Holding Participants Accountable While Addressing the Root Causes of Crime

Community courts are specialty courts that use a combined strategy of holding participants accountable while connecting them to social services to help address the root causes of crime. Boulder’s community court takes an individual and trauma-informed approach rather than the traditional punitive approach typically seen in the criminal justice system.


  • Use court cases to address underlying causes of homelessness instead of cycling people in between the streets and jail.
  • Collaborate with a variety of agencies and service providers to give access to needed services, preferably in a central location.
  • Give people with lived experience a voice in designing the program and resolving their individual cases.

Types of Cases Seen in Community Court

  • Camping violations
  • Tent violations
  • Trespass
  • Alcohol in public
  • Marijuana in public
  • Smoking where prohibited
  • Other cases include littering and urinating in public.

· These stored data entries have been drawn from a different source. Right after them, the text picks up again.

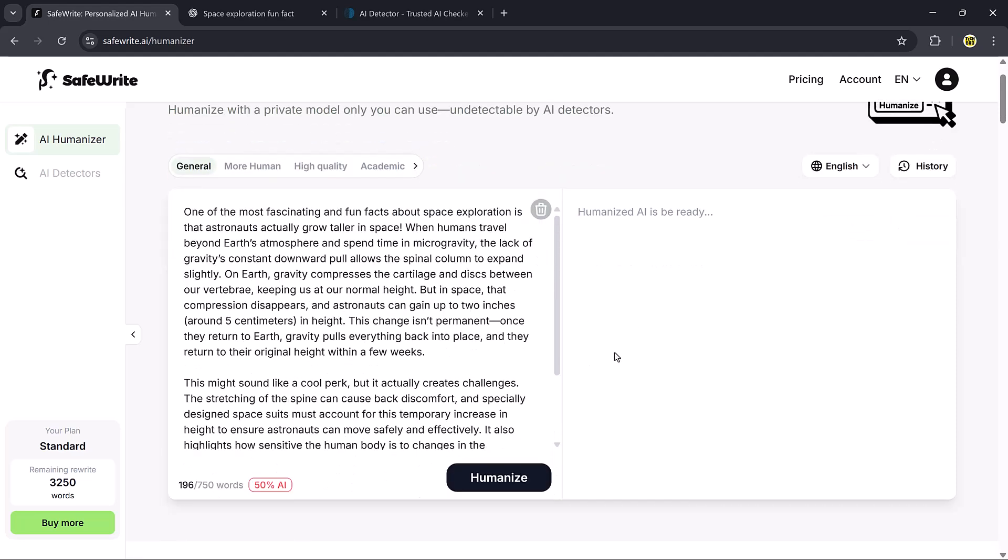At the top, you'll notice different modes you can choose from: General, More Human, High Quality, Academic, Simplified, Formal, Informal, and Blog. Each mode gives a slightly different style of rewriting, depending on what you need.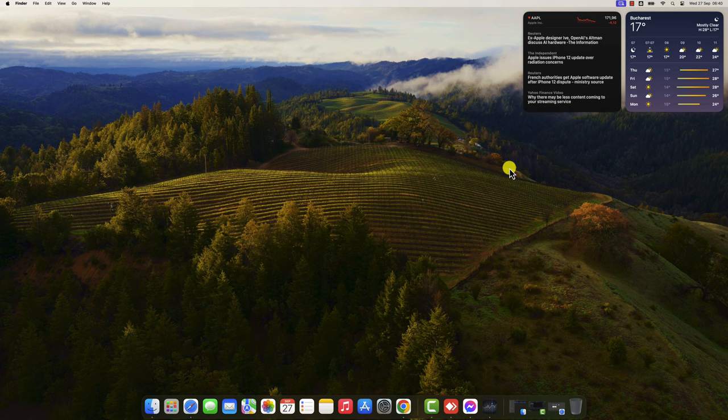Arrange your widgets in a way that makes sense for you. You can group widgets by category, or you can scatter them around your desktop wherever you like.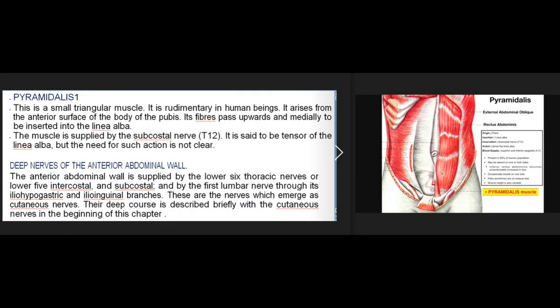Pyramidalis. This is a small triangular muscle, rudimentary in human beings. It arises from the anterior surface of the body of the pubis, with fibers passing upwards and medially to be inserted into the linea alba. The muscle is supplied by the subcostal nerve, T12. It is said to be a tensor of the linea alba, though the need for such action is not clear.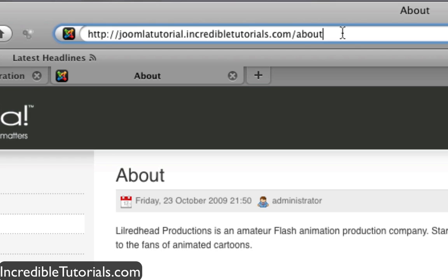But hopefully it worked and hopefully you have better looking URLs. With that, I think I am done here. I'll have more tutorials coming up and I'll see you guys then.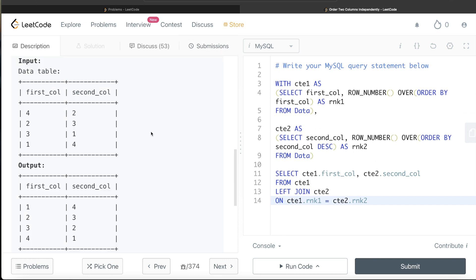Not an easy question, but if you break it down into two CTEs it becomes manageable. Actually, you don't even need two separate CTEs — in one CTE you can add a comma and include ROW_NUMBER() OVER (ORDER BY second_col DESC) AS rank2 alongside rank1, then do a self-join on that single CTE. Let me know in the comments what that full query looks like, and if you have a better or more efficient solution, share it below. See you in the next video!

These types of cases are most often seen amongst the unhoused. Serious violations are never addressed in community court.

Measuring Outcomes

We measure outcomes by the number of people we help. The majority of people that end up in this court are experiencing homelessness. The root cause of camping, trespass, and other similar tickets is that people do not have a place to call home. By helping people move towards long term solutions we get them out of the criminal justice system and thus increase community livability.

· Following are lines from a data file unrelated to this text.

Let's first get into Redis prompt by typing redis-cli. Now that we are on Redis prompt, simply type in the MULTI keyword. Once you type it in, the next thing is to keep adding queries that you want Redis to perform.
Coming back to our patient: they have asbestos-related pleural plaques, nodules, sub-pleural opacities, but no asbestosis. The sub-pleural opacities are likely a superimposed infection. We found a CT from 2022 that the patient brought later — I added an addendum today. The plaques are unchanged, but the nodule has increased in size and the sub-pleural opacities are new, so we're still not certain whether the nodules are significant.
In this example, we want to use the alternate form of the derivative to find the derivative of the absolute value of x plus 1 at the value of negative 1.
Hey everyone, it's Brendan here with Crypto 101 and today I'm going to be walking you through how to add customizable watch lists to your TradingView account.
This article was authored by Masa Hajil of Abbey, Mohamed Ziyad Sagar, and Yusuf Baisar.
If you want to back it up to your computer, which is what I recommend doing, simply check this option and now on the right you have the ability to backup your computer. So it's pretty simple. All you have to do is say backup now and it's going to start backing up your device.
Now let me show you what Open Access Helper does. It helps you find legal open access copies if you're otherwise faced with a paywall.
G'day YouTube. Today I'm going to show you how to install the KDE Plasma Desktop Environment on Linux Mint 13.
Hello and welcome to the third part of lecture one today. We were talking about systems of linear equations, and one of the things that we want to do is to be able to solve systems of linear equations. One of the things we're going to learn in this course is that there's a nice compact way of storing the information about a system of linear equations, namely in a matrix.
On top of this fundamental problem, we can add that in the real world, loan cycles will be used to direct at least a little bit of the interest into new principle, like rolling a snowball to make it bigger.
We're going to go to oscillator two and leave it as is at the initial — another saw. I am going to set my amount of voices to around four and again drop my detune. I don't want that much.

Success for Individual Offenders and the Greater Community

In the criminal justice system, the temptation is always to look at recidivism as a measure of success. What makes more sense is to look at what individual court participants accomplish, such as obtaining substance use treatment, acquiring a photo ID and social security card, or making other steps toward housing and self-sufficiency.

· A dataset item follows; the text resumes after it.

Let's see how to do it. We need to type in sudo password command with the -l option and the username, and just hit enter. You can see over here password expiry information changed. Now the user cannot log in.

The citations that bring them to court serve as an opportunity to get participants engaged. Sanctions are aimed at resolving a person’s unhoused status and are tailored to each individual’s needs. Sometimes the person needs something simple like help replacing a state identification card, and sometimes it can be something complex like getting a person ready for housing. Often, their actions result in dismissal of the charge(s).

Our Data Show That the Community Court Model Is Working

From Oct. 1, 2020 – Dec. 31, 2021, 144 people with 504 cases were seen in community court. Over 525 tasks or sanctions were ordered, and 454 of those were completed, which amounts to a completion rate in excess of 86%. In some cases, these assignments are completed at court. BUT prior to community court, sanctions such as traditional community service were completed less than 10% of the time and often landed individuals in jail, which did not address the root cause of the original crime.

For the unhoused community as whole, success means the criminal and human services systems are working together in a seamless way. When we can address the underlying issues causing homelessness, then we are going to have a safer community.

Mentor Court

City of Boulder's Community Court is designated as a Mentor Court by the Center for Justice Innovation. Mentor Courts are experienced local community courts selected to guide developing community courts as they navigate common issues and challenges. Mentor Courts collaborate with the Center to provide guidance and peer consultation to sites grant-funded by the Bureau of Justice Assistance (BJA) fund, aiming to implement or enhance community court projects nationwide. Boulder Community Court is being supported by the Center to mentor community courts in Utah, Wyoming, Nevada and Mississippi.

COVID-19 Impact on Community Court

We started as a mobile court instead of an indoor court. But it was a blessing because mobile court reaches people where they are, utilizing a pop-up court model. Partner agencies were less available during COVID-19, and usually only virtually, but ordering documents such as medical records, social security cards and identification cards could be done electronically rather than in person.